Business Problem: The COBOL Clock is Ticking
The Conversation: "Look, we have a major problem at Global Connect. Our core billing and provisioning system—the 'Legacy Core'—is basically a 20-year-old dinosaur. It was built for a world where people just sent texts and made phone calls, but now 90% of our money comes from massive 5G data bundles and IoT device networks. The system just wasn't designed for this.
Right now, our customer service team enters an order, and then it just sits there. Data has to be batch-processed every six hours before the legacy system even sees it. Because of that lag, we’re losing about 2.1 million a year in 'unbillable overages'—essentially, customers use way more data than they have, but the system doesn't realize it until 12 hours after they’ve already hit their limit.

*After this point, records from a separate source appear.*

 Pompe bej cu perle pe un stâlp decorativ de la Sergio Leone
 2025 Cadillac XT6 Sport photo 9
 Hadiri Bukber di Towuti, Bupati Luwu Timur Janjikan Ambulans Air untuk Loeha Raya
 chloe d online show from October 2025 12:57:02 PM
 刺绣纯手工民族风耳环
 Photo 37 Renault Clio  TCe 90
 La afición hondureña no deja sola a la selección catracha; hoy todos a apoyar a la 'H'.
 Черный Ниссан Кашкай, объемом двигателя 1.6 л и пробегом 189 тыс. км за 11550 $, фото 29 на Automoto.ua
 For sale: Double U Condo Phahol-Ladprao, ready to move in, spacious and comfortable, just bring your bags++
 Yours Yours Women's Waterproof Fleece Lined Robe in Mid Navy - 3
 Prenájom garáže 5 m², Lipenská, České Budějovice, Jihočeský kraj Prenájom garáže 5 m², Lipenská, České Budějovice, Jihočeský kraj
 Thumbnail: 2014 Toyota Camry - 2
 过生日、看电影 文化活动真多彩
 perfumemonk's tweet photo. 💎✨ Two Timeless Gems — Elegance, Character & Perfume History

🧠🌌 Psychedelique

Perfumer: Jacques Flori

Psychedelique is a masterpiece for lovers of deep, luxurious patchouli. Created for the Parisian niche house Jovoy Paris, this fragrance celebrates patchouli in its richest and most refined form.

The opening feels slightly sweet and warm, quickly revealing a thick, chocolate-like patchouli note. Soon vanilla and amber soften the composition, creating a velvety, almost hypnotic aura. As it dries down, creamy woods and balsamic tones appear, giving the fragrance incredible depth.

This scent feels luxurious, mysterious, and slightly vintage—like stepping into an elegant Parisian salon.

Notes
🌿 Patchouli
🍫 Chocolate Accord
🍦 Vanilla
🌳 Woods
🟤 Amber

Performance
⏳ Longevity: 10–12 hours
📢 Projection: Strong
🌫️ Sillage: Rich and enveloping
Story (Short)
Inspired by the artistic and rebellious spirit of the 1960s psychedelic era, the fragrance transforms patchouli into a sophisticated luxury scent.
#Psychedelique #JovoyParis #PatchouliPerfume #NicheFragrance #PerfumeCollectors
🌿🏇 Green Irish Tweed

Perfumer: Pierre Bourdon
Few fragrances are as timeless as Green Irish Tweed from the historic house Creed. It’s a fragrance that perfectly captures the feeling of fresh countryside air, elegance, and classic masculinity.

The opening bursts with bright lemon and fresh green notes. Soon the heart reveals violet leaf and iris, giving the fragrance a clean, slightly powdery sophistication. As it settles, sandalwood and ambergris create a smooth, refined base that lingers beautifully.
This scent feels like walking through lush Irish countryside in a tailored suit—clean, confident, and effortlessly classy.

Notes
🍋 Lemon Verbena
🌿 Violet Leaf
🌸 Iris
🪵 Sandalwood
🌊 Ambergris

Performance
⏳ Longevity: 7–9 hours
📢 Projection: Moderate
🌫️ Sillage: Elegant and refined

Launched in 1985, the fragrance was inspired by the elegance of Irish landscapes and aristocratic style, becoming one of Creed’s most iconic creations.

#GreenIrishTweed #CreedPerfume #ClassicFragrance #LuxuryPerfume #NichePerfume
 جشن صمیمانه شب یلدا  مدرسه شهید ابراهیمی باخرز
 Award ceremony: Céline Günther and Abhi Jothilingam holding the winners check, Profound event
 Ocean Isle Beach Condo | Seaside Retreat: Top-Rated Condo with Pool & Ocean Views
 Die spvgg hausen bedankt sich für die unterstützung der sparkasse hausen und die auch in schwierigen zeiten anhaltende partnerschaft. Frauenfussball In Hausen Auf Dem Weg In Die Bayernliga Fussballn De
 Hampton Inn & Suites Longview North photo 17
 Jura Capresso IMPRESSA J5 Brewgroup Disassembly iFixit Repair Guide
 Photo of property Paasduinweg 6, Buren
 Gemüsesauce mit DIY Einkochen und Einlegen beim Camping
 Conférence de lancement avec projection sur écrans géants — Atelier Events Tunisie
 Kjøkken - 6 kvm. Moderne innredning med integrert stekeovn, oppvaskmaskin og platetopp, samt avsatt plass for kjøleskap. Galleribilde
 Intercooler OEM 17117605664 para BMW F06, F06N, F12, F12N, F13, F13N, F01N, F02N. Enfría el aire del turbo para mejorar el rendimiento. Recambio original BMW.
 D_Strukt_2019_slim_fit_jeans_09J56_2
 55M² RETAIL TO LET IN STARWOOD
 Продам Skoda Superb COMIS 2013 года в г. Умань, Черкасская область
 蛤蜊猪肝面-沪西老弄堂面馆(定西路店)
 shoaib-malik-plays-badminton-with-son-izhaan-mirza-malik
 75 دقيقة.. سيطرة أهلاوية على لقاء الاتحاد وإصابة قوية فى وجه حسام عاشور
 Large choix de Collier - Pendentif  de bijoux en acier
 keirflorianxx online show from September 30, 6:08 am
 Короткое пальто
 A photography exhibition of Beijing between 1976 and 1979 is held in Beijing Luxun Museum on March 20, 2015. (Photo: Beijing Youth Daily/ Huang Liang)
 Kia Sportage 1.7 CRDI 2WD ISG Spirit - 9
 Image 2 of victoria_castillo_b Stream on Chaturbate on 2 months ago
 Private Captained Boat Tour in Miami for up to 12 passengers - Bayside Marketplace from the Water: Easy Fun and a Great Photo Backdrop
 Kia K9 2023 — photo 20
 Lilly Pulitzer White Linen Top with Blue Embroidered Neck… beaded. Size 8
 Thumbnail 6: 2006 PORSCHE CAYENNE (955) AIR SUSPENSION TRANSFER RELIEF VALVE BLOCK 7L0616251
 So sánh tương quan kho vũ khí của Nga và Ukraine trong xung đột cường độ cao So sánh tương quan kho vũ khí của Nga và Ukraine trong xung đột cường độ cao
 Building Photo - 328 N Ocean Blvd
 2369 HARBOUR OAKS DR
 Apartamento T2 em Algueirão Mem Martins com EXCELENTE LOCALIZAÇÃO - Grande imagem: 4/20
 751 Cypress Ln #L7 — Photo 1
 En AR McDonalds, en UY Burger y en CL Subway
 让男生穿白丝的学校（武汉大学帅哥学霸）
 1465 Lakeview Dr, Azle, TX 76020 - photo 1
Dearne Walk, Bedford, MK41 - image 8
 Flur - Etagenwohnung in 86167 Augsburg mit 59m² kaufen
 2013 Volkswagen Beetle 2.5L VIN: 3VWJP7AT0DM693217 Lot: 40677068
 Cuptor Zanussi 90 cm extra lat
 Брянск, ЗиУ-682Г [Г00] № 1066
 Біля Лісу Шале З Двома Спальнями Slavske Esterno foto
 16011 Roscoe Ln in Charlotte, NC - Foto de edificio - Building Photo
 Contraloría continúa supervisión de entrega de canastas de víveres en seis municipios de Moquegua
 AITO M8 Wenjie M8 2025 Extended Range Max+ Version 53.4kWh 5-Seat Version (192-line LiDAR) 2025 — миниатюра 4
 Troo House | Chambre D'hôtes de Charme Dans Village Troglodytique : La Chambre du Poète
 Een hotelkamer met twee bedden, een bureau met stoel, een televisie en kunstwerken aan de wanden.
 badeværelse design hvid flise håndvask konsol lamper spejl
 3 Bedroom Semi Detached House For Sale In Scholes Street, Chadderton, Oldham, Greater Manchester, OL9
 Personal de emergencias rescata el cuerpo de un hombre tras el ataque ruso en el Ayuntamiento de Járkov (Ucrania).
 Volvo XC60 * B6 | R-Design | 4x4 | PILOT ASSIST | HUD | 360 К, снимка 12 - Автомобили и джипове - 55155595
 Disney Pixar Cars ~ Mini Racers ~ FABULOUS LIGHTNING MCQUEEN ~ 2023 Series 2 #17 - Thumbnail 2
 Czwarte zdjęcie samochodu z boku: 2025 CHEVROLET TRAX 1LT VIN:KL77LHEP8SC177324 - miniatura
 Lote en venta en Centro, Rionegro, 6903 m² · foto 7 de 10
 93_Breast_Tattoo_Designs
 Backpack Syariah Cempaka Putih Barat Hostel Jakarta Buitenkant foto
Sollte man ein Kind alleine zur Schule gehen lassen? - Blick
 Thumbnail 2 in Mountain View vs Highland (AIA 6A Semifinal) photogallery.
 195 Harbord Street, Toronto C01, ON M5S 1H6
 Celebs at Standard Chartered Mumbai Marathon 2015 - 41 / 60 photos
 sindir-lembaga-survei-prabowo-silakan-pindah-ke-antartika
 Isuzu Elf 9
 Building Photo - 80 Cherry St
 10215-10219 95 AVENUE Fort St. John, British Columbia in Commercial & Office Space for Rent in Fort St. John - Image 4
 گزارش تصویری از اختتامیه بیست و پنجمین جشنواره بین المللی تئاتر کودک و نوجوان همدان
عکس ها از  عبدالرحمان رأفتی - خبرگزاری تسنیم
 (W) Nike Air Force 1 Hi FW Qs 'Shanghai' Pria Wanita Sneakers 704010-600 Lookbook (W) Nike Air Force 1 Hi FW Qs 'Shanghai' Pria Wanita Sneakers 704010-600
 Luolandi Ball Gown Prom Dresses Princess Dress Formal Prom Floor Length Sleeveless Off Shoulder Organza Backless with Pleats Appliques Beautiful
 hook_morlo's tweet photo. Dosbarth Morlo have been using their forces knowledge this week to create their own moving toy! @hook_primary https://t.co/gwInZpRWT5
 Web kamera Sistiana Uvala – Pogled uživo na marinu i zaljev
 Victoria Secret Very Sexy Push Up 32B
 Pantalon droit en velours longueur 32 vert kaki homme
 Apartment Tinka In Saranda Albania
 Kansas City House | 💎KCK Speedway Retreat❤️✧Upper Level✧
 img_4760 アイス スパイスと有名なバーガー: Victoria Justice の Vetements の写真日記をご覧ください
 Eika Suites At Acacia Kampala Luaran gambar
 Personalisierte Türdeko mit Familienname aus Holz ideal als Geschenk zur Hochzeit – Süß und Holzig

It gets worse with 5G. About 15% of those activations just flat-out fail because the old database doesn't have the right 'slots' to store 5G parameters. We have senior engineers—who should be building new products—spending their days manually typing data into the backend just to get customers connected. That’s 450,000 in high-value labor down the drain every year.
Our Net Promoter Score (NPS) has tanked by 25 points. Customers are angry about the delays and the weird bills. To top it off, we only have three people left who actually know how the COBOL code works, and two of them are retiring by the end of the year.
The Head of IT wants to 'Wrap and Renew' by throwing an AI layer on top to fix the errors (2.5M), while the Chief Architect wants to 'Rip and Replace' with a cloud-native setup (12M over two years). Meanwhile, the CFO is breathing down our necks to stop that (2.1M) leakage within the next 12 months."